En este contexto, la Iglesia no podía permanecer ajena a ciertos adelantos de la ciencia y en numerosas ocasiones su discurso se orientaba hacia una recuperación del progreso científico. Es revelador en este aspecto el interés particular que demuestra por determinadas ramas del saber científico e histórico como la prehistoria, la arqueología, la geología. Un ejemplo de este tipo de recuperación mediante el discurso científico es el caso de la Silla gestatoria de San Pedro. La Ilustración Católica reproduce en esta ocasión artículos de historiadores «ortodoxos» y estudios de arqueólogos cristianos para demostrar la validez de sus argumentos.

Si la Exposición Universal de 1878 ostenta descubrimientos científicos, técnicos e industriales que trastornan las tradiciones y constituyen un alarde de orgullo humano, conviene recordar cuál es el camino de una posible conciliación entre religión y ciencia:

«Mas la ciencia que se ilumina con los resplandores de la fe y que en los medios humanos busca también la demostración racional de nuestras creencias y devociones acepta el insolente reto de la negación racionalista [...]».


(La Ilustración Católica, 21 de octubre 1878)                

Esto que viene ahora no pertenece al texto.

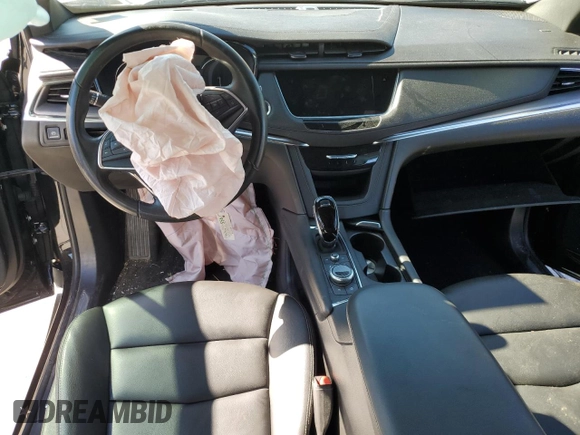 2022 Cadillac XT5 FWD Luxury with VIN 1GYKNAR45NZ118872, listed as a Copart auction lot 79676544 with 31,467 mi miles and Salvage title. Bid and sale history available at DreamBid. Image 8.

De manera reiterada se presenta, por lo tanto, una visión crítica de las ciencias y de las técnicas modernas. Para el público católico e incluso tradicionalista de esta ilustración se trata de proponer valores inmutables y tranquilizadores. La valoración del arte francés, y más precisamente de la pintura, es ejemplar en este aspecto. Se buscan modelos de nacionalismo y de virtudes morales en artistas como Meissonier (1815-1895), pintor de género cuyos cuadros algo dulzones son fuente de inspiración para el catalán Mariano Fortuny (1838-1874).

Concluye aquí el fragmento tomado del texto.